The Generation Gaffe

For a long time I have been fascinated by this common idea that each generation thinks following generations are worse. The idea is epitomized in the phrase “kids these days” and whatever complaint follows. So, of course, this has been going on forever. The internet is full of quotes from centuries ago, even from ancient times, where adults are complaining about young people.

Observing these observations is nothing new either (the cartoon below is from 1950). Perhaps for as long as adults have been complaining about younger generations, people have been adding as a footnote to the observation:  “You know, our parents said the same thing about us.”

What fascinates me most is the compulsiveness of it and the level of entrenchment in the thinking. Knowing (as surely everyone reading this does) that every generation complains about the next and that every generation thinks that “this time is different,” and that the statements are almost always factually and historically inaccurate, why do we still do it? Why are people so insistent and willing to argue about the accuracy of their observations? Are not we, those who think we did a better job of being young, the narcissists here?

I have been observing and commenting on this phenomenon all my adult life but I still catch myself thinking this way sometimes. About the time my older kids hit adulthood I began making an effort not to say these sort of things, but I still do on occasion. When I catch myself thinking like this I usually counter these seemingly unintentional thoughts with more rational thinking  (“Well, actually Ferguson, violence among teenagers is now 12% of what it was 20 years ago”). Whenever I start to worry about my kids spending too much time with technology I will tag on some sarcastic self-talk: “Because in the future it will be 1955 again.”

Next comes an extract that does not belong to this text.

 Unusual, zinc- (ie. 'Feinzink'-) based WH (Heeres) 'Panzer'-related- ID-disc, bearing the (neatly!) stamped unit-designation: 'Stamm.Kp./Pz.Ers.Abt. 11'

There is even a name for these sort of ideas/behavior: “Juvenioa.” It’s a fairly new word so definitions range from the specific–thinking that technology/internet is destroying young minds–to just the general idea of thinking youth are worse today than they were at some other time in history. The person most often credited with coining the word is David Finkelhor, who writes:

“Now it is important to see that the claim about the Internet as youth deviance amplifier is simply a hypothesis, not an established fact, and one that should foster some scrutiny. This is especially true because if one looks for evidence that the Internet is increasing risk and deviance among youth, the remarkable and jarring thing is that in the last 10-15 years while this anxious narrative about the Internet has been coming to dominate parent and media discussions of childhood, we have been observing a dramatically contradictory positive pattern in the social indicators. In the US there has been a remarkable improvement in social problem and risk indicators young people, including many of them that you might expect would be ‘the canaries in the coal mine’ if it were the case that the mass migration of the young people into this technological world was really having such a corrupting and deviance-amplifying influence on them.”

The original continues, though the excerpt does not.